WORK ORDER:
Reproduce the listing word for word. Skip any image.

RAW DATA:
________________

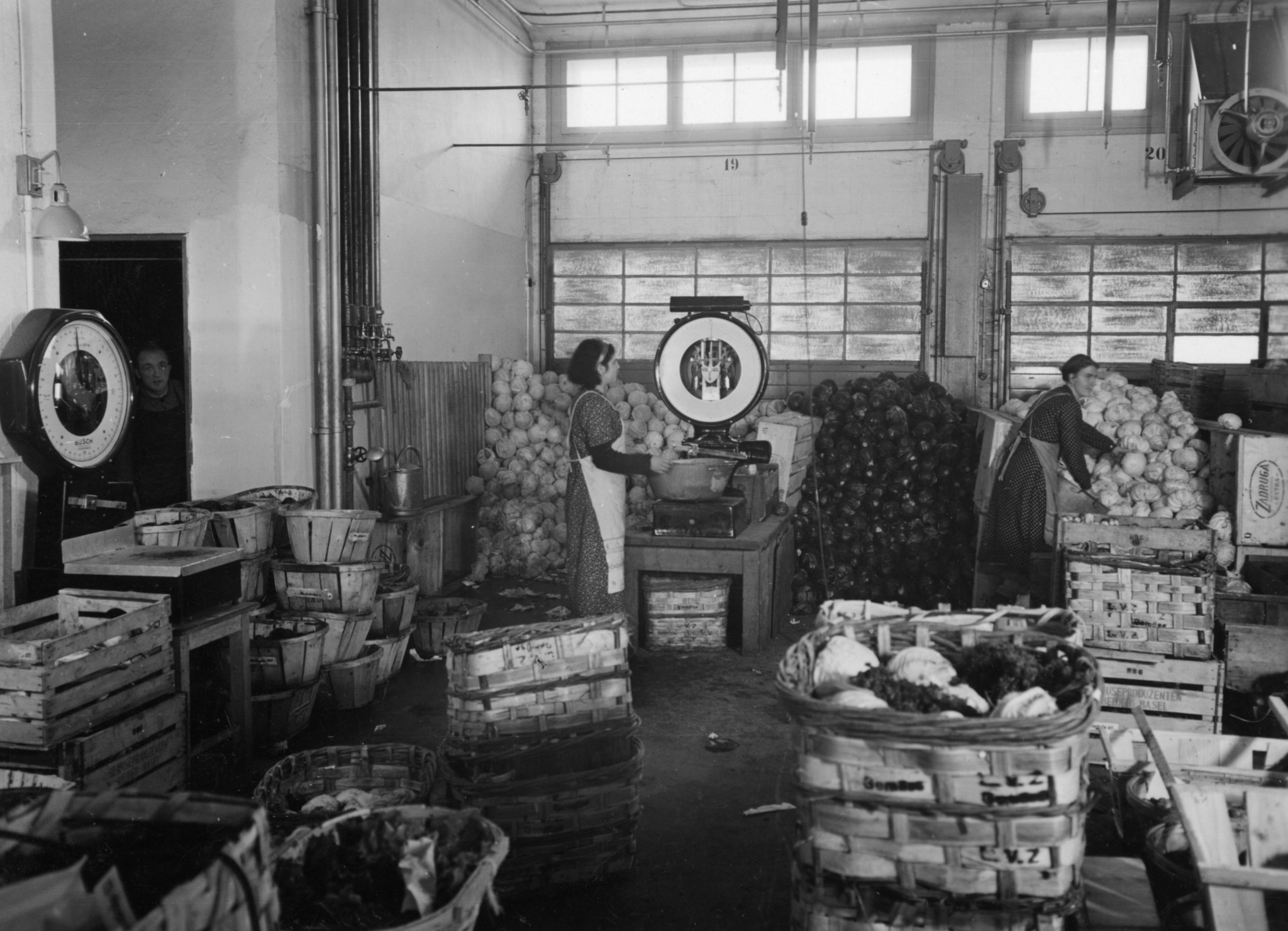 Frauen rüsten Gemüse in einer Lagerhalle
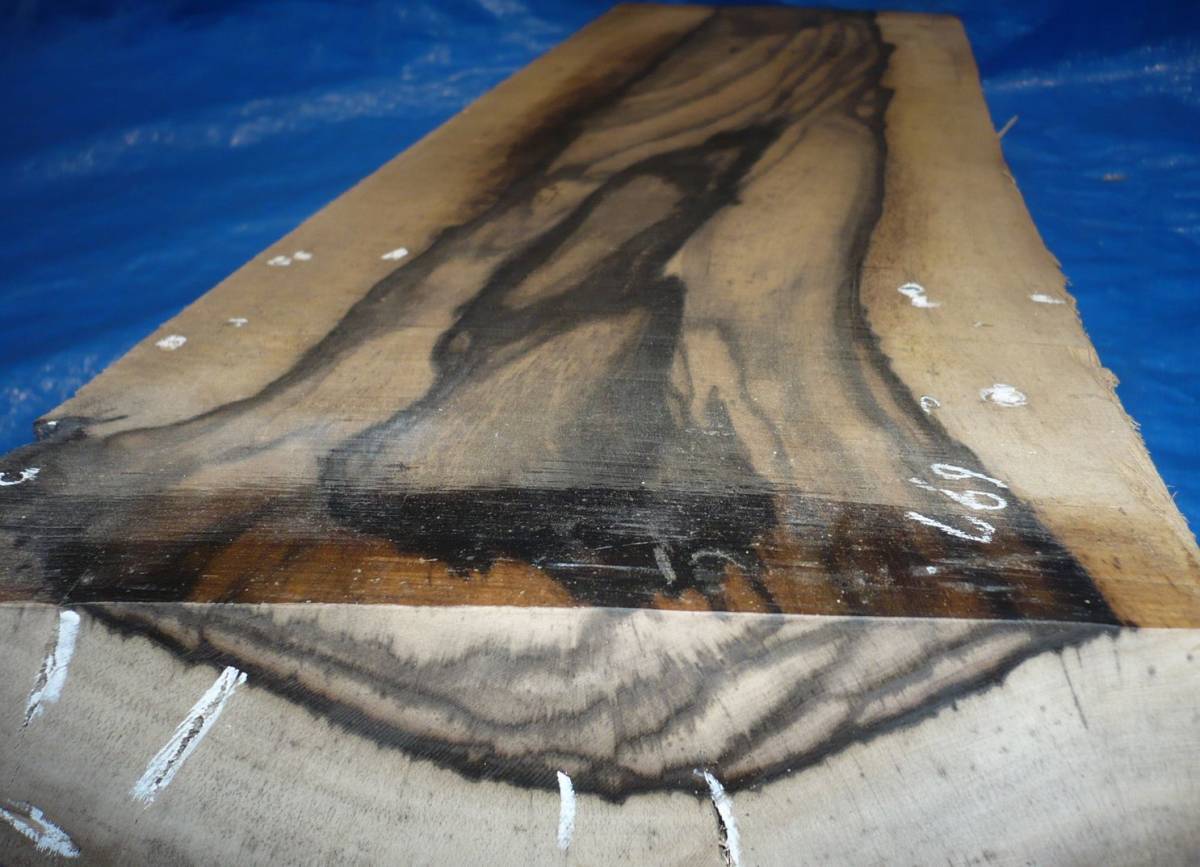 ★黒柿杢★クロカキ 孔雀杢 模様が綺麗【697】荒材 厚板★乾燥１５年以上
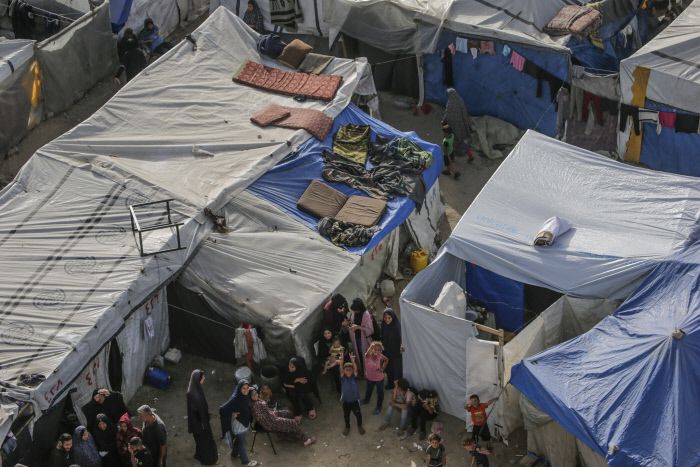 삶의 터전을 잃은 아이들…웃어서 더 아프다 23일(현지시간) 팔레스타인 가자지구 데이르 알발라의 피란민 텐트촌에 이스라엘 공습을 피해 가자지구 북부 지역과 남부 라파에서 탈출한 주민들이 모여 있다. EPA연합뉴스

________________

SOLVED EXERCISE:
 Frauen rüsten Gemüse in einer Lagerhalle
 ★黒柿杢★クロカキ 孔雀杢 模様が綺麗【697】荒材 厚板★乾燥１５年以上
 삶의 터전을 잃은 아이들…웃어서 더 아프다 23일(현지시간) 팔레스타인 가자지구 데이르 알발라의 피란민 텐트촌에 이스라엘 공습을 피해 가자지구 북부 지역과 남부 라파에서 탈출한 주민들이 모여 있다. EPA연합뉴스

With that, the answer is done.